399 U.S. 78 (1970), argued 4 Mar. 1970, decided 22 June 1970 by vote of 7 to 1; White for the Court, Marshall in dissent, Blackmun not participating. Pursuant to state law, Williams was tried and convicted of a felony by a jury of six persons—the six-person jury having been adopted by Florida for all but capital cases in 1967. Williams had filed a pretrial motion to impanel a jury of twelve, arguing that the smaller jury would deprive him of his Sixth Amendment right to trial by jury. Williams was sentenced to life imprisonment.
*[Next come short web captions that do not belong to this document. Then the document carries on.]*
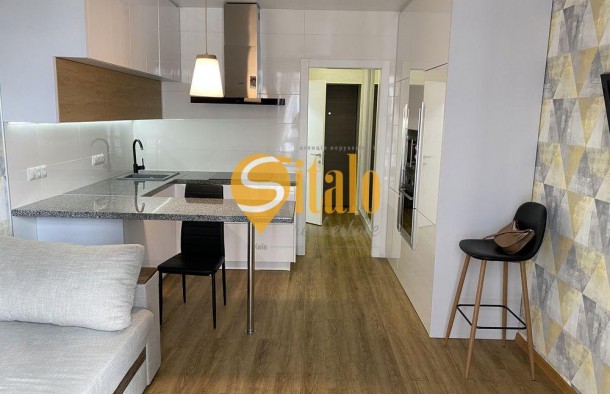 1кімнатна квартирастудія на Печерску, фото 1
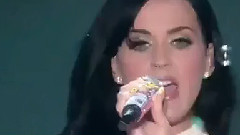 Katy Perry - Teenage Dream & Hot N Cold & California Gurls
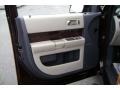 2009 Cinnamon Metallic Ford Flex SEL  photo #23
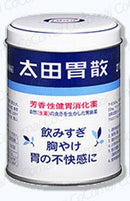 오타이산 50포/150g/45정/120정/300정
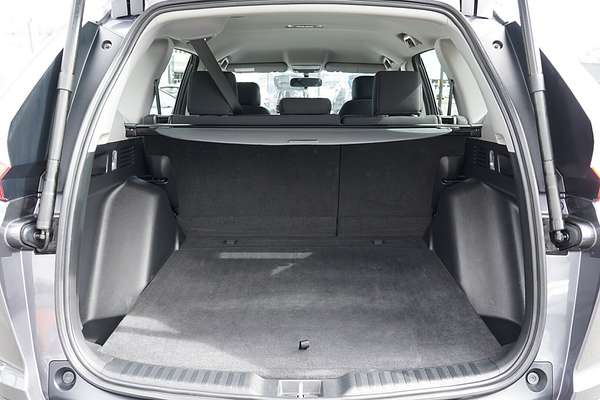 2017 Honda CR-V VTi-S RW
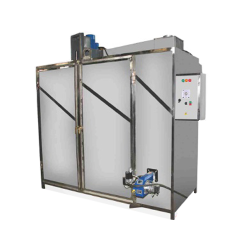 دستگاه خشک کن کابینتی مدل SSN28000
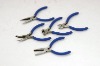 5 pcs mini plier set
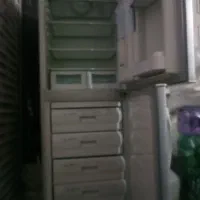 یخچال فریزر یخچوان|یخچال و فریزر|قم, علی آباد|دیوار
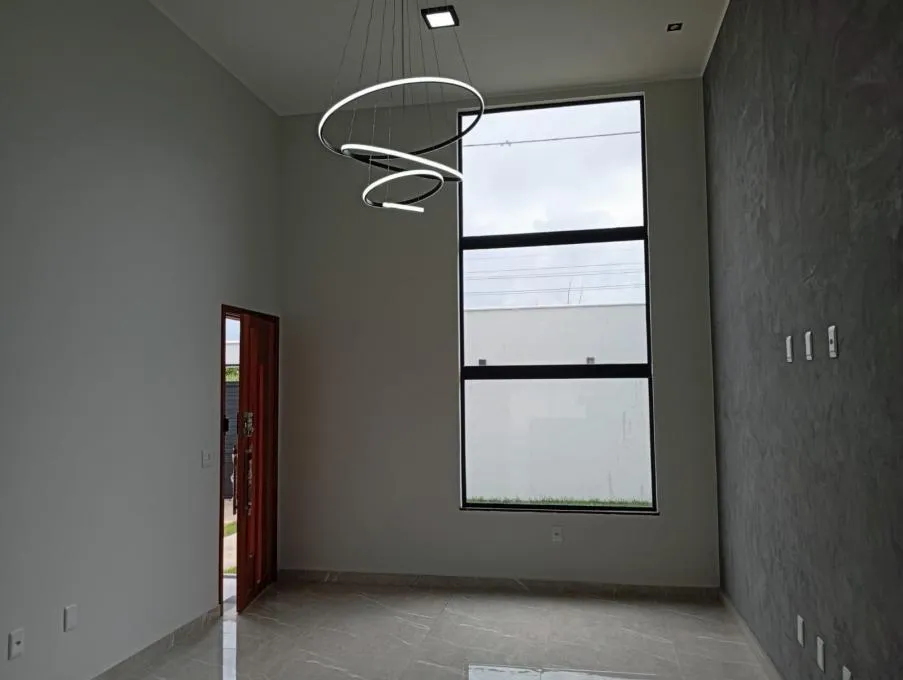 Imagem Casa 3 Quartos Maricá - RJ - Jardim Atlântico Leste (Itaipuaçu)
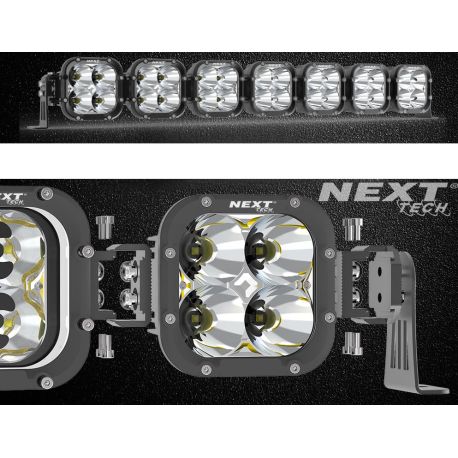 Rampe-LED-modulable-de-forme-carre-nouvelle-génération-12V-24V Rampe-LED-modulable-de-forme-carre-nouvelle-génération-12V-24V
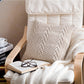 Knitted Cushion Cover 45x45cm Cushion Pillow Cover Sofa Cushion Pillow Throw Cushion with Cover Bedding Pillow CaseCover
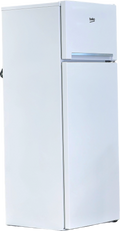 Réfrigérateur Avec Congélateur 223 Litres Reconditionné BEKO RDSA240K30WN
The Supreme Court approved the use of six-person juries in state criminal cases and affirmed the judgment.
Williams was the first in a series of cases decided by the Court during the 1970s that overturned centuries of legal tradition, namely, the long-established universal practice and common understanding that the constitutionally required trial jury consisted of twelve persons who decided unanimously: Landry v. Hoepfner (1988), Colgrove v. Battin (1973), Ballew v. Georgia (1978), Johnson v. Louisiana (1972), Apodaca v. Oregon (1972), and Burch v. Louisiana (1979). Williams held that six-person state criminal juries were constitutionally adequate because they were functionally equivalent to twelve-person juries. The ruling was particularly unexpected because only two years earlier the Court had extended the Sixth Amendment right to trial by jury to the states in Duncan v. Louisiana (1968).
Nearly all commentators on Williams regarded the Court's reasoning and sense of evidence as bizarre. A close reading of Justice Byron White's opinion made it clear that there was no constitutional or factual support for the ruling. The Court cited several items of “evidence” to support its assertion of functional equivalence—ranging from a statement that “it could be argued that there would be no differences,” to a trial judge's thought on the economies of smaller juries. None of the items were competent evidence and most of them were not even relevant to the issue at hand.
The reviews of Williams were scathing. The only difference in opinion was whether the Court had been willfully or naively ignorant. Three years later in Colegrove v. Battin (1973), which authorized six-person civil juries for the federal courts, the Court answered the question in favor of willfulness. It boldly reasserted the Williams “proofs,” added further flawed materials to the evidentiary array, and rebuked the critics of Williams as unpersuasive. For whatever reasons, the Court wanted smaller juries and got them.